If a line in the entries contains the string "observar", include that line in your answer.

-- SOURCE INFORMATION follows --

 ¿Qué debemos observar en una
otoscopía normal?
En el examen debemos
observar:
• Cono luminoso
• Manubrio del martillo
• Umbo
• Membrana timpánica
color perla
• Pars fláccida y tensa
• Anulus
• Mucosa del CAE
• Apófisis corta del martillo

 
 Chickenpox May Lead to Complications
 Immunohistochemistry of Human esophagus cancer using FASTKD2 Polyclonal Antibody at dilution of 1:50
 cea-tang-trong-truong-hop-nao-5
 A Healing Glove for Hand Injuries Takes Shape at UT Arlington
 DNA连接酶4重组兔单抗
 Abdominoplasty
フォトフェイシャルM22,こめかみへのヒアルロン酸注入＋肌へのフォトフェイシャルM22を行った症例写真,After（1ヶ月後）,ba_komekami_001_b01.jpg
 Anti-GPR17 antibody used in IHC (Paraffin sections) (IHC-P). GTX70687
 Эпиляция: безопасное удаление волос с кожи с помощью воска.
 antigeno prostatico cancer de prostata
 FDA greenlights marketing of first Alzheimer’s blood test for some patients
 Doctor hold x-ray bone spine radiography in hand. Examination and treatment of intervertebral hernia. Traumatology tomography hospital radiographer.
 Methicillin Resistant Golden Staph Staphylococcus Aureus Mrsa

-- SOURCE INFORMATION concluded --

TASK SOLUTION:
 ¿Qué debemos observar en una
observar:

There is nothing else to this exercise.